Nat Soti’s Instagram photos have never before been presented in printed form. “I did it for like three months, and then for whatever reason, I just stopped doing it,” he tells me, squinting at the charming 144-photo display across the room. It’s easy to imagine him experimenting with photo filter apps on his iPhone, dressed as he is with large glasses and a calm grey scarf over a simple suit.

“Lost interest?” I ask.

He switches to that higher pitched, defensive voice out of reflex: “Not that I lost–yeah, yeah, I lost interest.” Most artists on display don’t come back down to earth quite so quickly. “I think real life…started to come back.”

He has, along with five other artists, come for an “Obsessive Compulsive Drive,” a new exhibition at the Chicago Art Department that explores “the question of what drives the artist to create.” With Lauren Feece’s 50 painted bamboo panels, Chuck Przybyl’s 1000 ambiguous photographs, Nat Soti’s 144 Instagram photos, and Edyta Stepien’s mad paper and ink drawings, it’s easy to see that the line between artistic focus and mania runs thin.

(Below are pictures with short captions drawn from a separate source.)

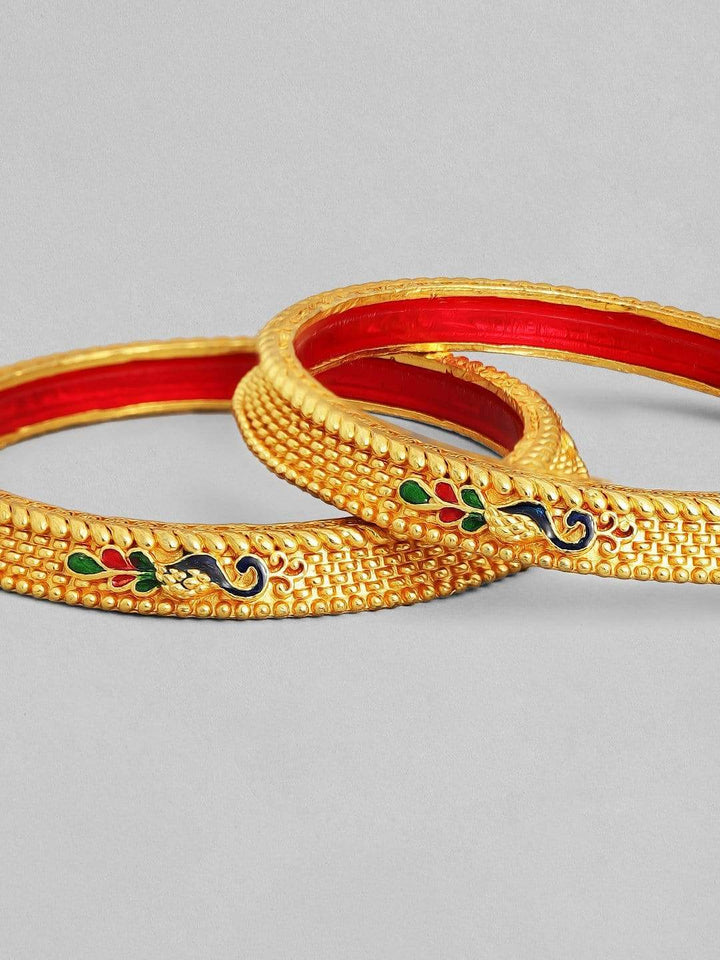 Rubans 22K Gold Plated Handcrafted Enamel Set of 2 Bangles Bangles & Bracelets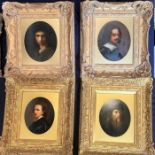 A set of four contemporary oil paintings in the depicting Old Masters in ornate frames including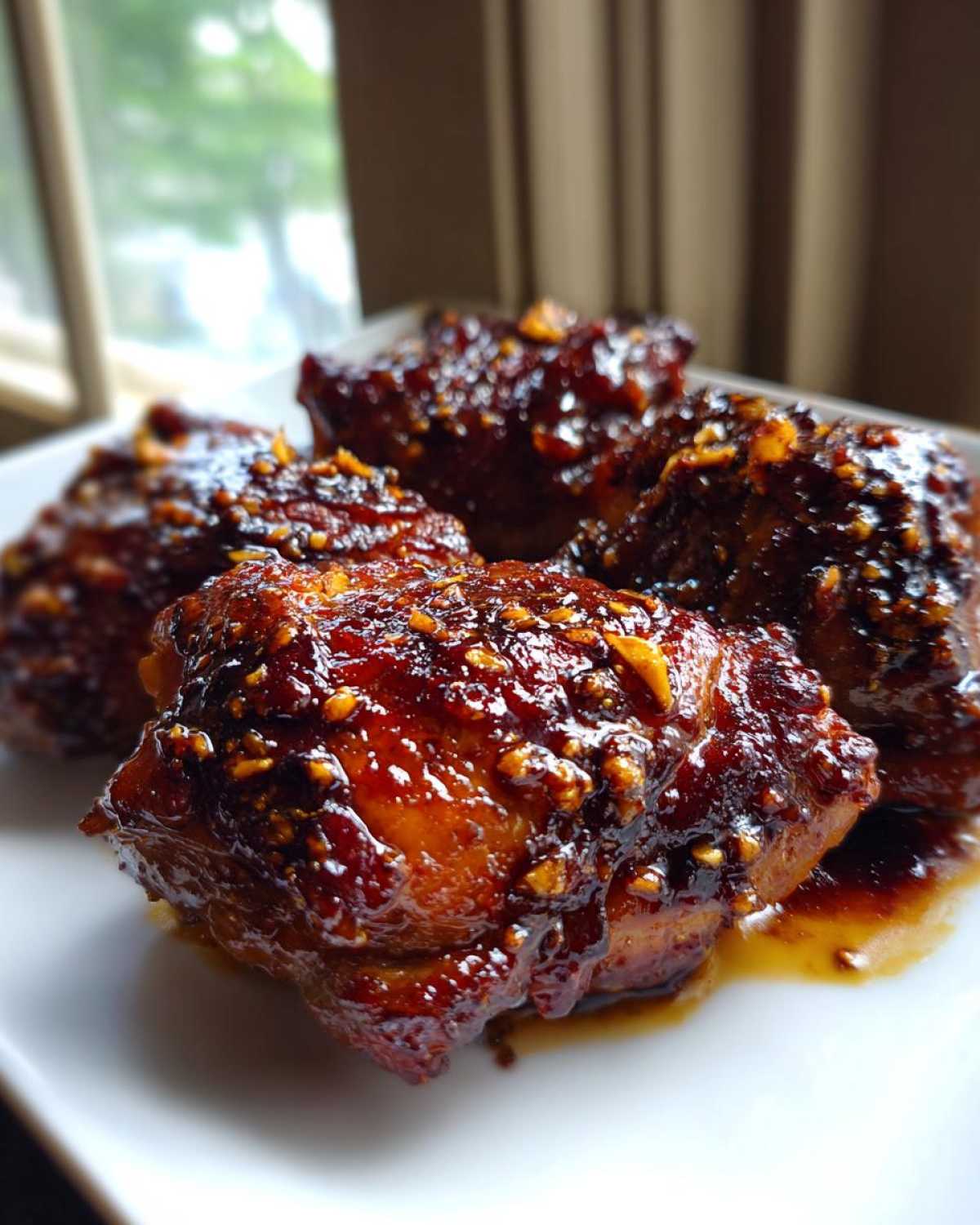 Close-up of four pieces of Sticky Teriyaki Chicken Thighs with Garlic coated in a thick, glossy, dark brown sauce.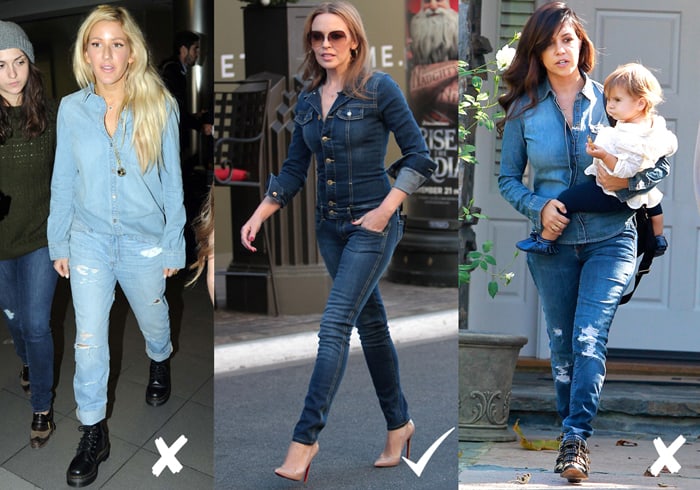 Kylie Minogue nails the denim-on-denim look with her sleek and well-fitted ensemble, while Ellie Goulding and Kourtney Kardashian's outfits miss the mark with poor fit and proportions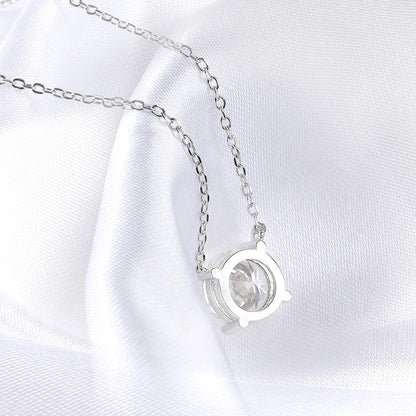 Colar Feminino de Moissanite Banhado a Ouro Branco 1-10 CT Clássico com Pingente de Quatro Garras Joia de Casamento em Prata Esterlina 925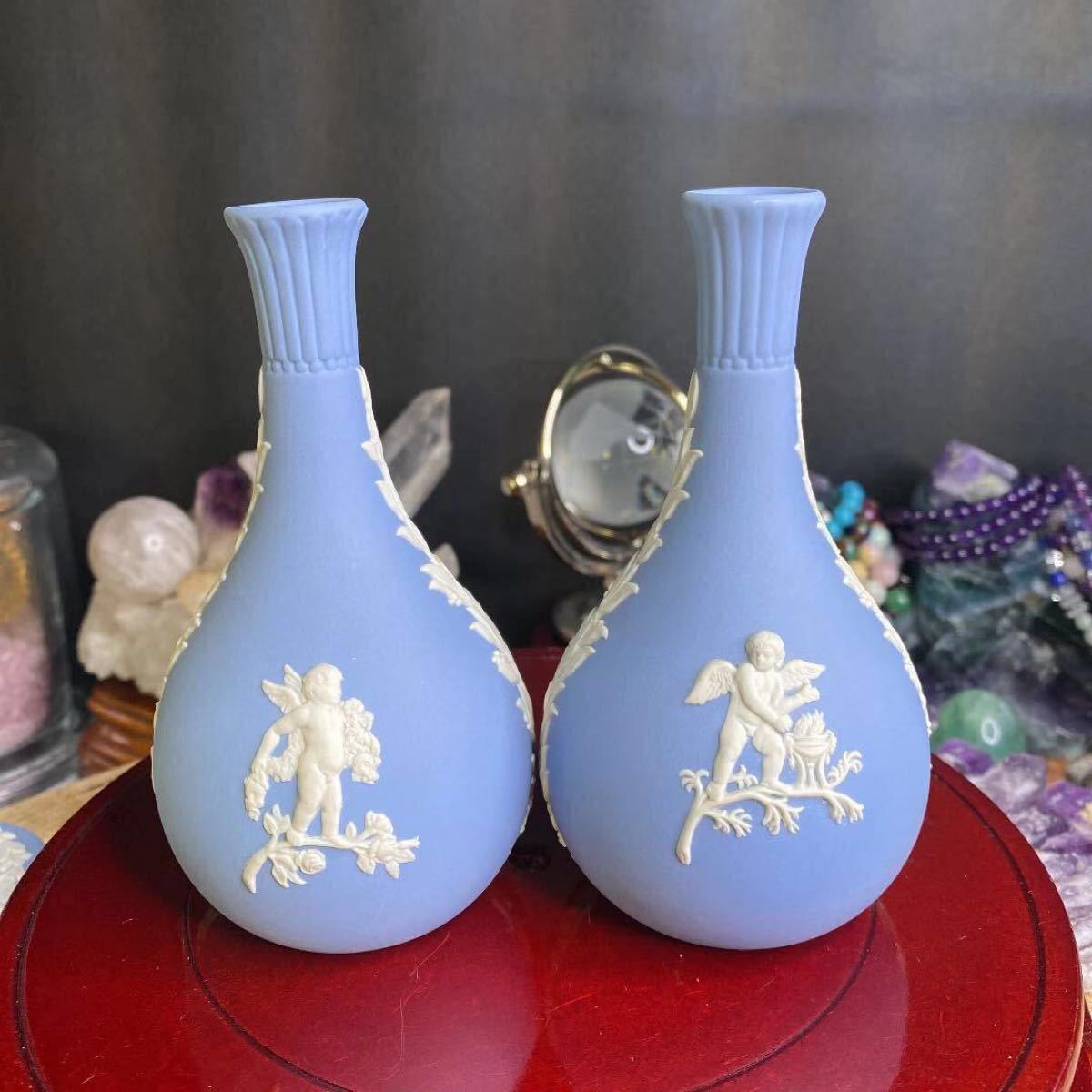 即購入可！本物1980ウェッジウッドWEDGWOODジャスパー ペールブルー 灰皿 花瓶 陶器 小物入れ ジャスパー ペールブルー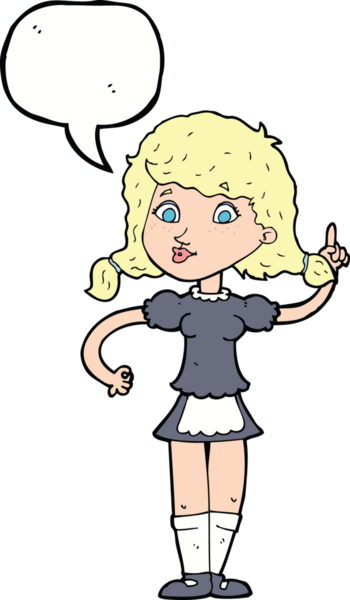 Bir insan tarafından çizilmiş konuşma balonu olan güzel bir hizmetçi kadın.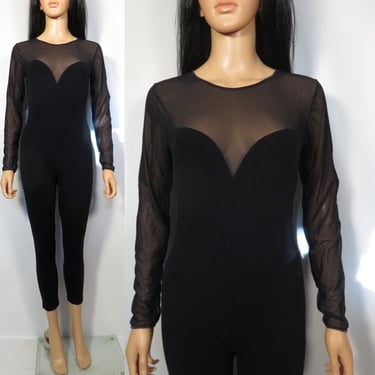 Vintage 80s Super Stretchy Black Catsuit Made In USA Size M/L/XL 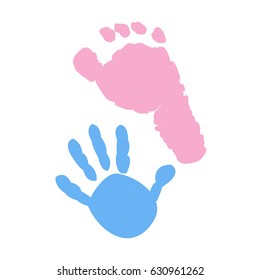 Baby foot and hand prints. Twin symbol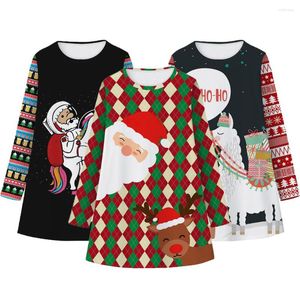Flickakl￤nningar 2022 Santa Claus Christmas Dress for Autumn Carnival Home Party Girls 5-12 ￥r Ton￥rkl￤der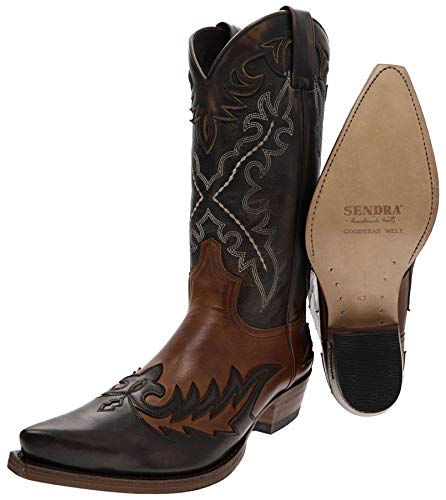 Sendra Boots Botas Cowboy 9669 Marron Western de piel marrón, Tang Usado Marron, 48 EU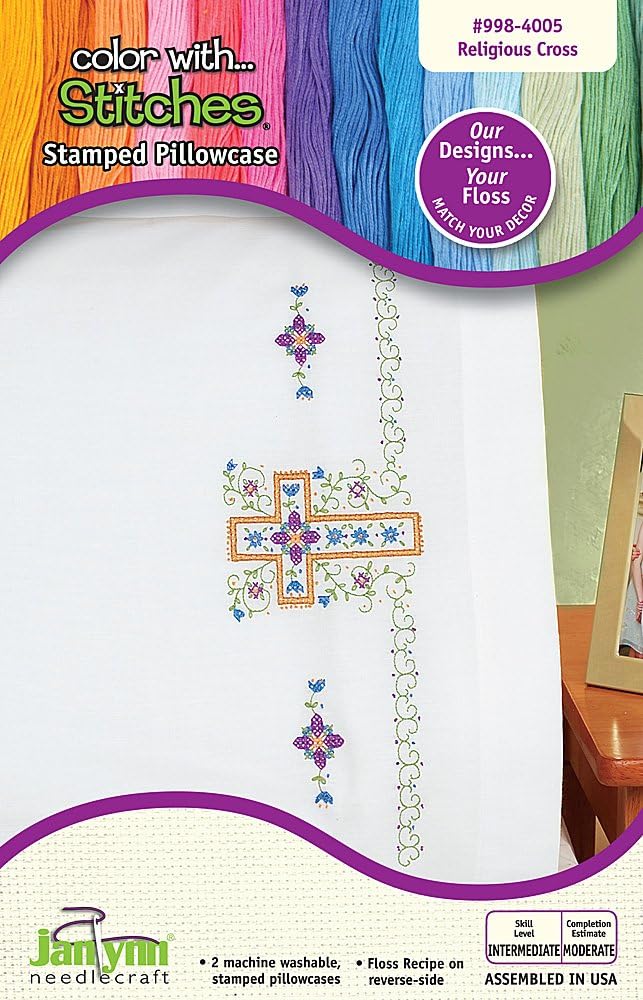 The Janlynn Corporation Religious Cross Pillowcase Pair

On opening night the gallery space feels open and cellular, with guests circling around the walls like a dynamic membrane surrounding a core of artists and their friends. But unlike most exhibitions, these artists aren’t quite as noticeable as nuclei. So I saunter over to Lauren Feece’s exhibition of bad Puerto Rico days.

Apparently, Feece felt quite lonely on the island after living in a city, so she collected pieces of bamboo that washed up on shore and started painting the faces of friends. They have expressions like those of people you would see on the street, multi-racial faces looking unfocused, slightly above the natural line of sight. I’m perplexed.

“Do you think these like good company?” I ask a shorter lady in yellow.

photo by Jon Brozdowski

photo by Jon Brozdowski

“Well to me that’s happy, with the bright colors.” She refers to the variegated halos on half of them. “There’s a real balance between the face, its expression, and the focus of energy they have.” Satisfied, I turn to Przybyl’s “Random Life Images.” One photograph catches my attention–a two-year-old just tall enough to see over a table eyes the last piece of sushi and the trainer chopsticks that would help her eat it.

Chuck Przybyl, a father, likes to keep a camera in his pocket. He takes nice photos, to be sure, of tree branches, a corndog, street signs, Mickey Mouse, cars, or anything ambiguous, laid bare without context. Taken together, the photographs offer “a direct line into [his] psyche, personality, history, sense of humor, and passions,” nicely displayed. Personally averse to such amalgamation, I ask a kinder looking guest what she thinks.

“Oh I like it,” she smiles, tipsy and friendly. “He shows his life. Our life is like nothingness, you know?” True enough, but I find the work of Przybyl’s wife, Edyta Stepien, more interesting.

Stepien usually creates video installations, but also enjoys working with a calligraphy pen and large sheets of paper. She explores line and shape, with exploding large wisps coming off a heart-shaped center, or meticulous meandering fingerprints around a circle. I gaze on with a new friend, Dustin. We treat the ink and paper like Rorschach tests, seeing a rose bouquet, a man riding a six-legged horse, planetary movement, and jumping dolphins in a rainstorm. We agree she’s “real crafty.”

I chat with her. She is young and lighthearted, with short brown hair and an accent I can’t place.

“It’s really a very free process. I don’t think about it conceptually. It’s about the drive, what makes you create.…There is this ingrained composition, so I don’t think about it. I kind of don’t want to say it on tape, but it is very relaxing and meditative.” She laughs lightly.

“Why wouldn’t you want to say that on tape?”

“Because I don’t want to sound pretentious, like I’m meditating!” So I tell her she’s describing the psychological phenomenon called “flow,” and that she doesn’t have to be embarrassed. In this mental state, artists can get completely absorbed in their task, happily productive and totally focused. Otherwise, there would only be obsessive-compulsive disorder, not an “obsessive compulsive drive.”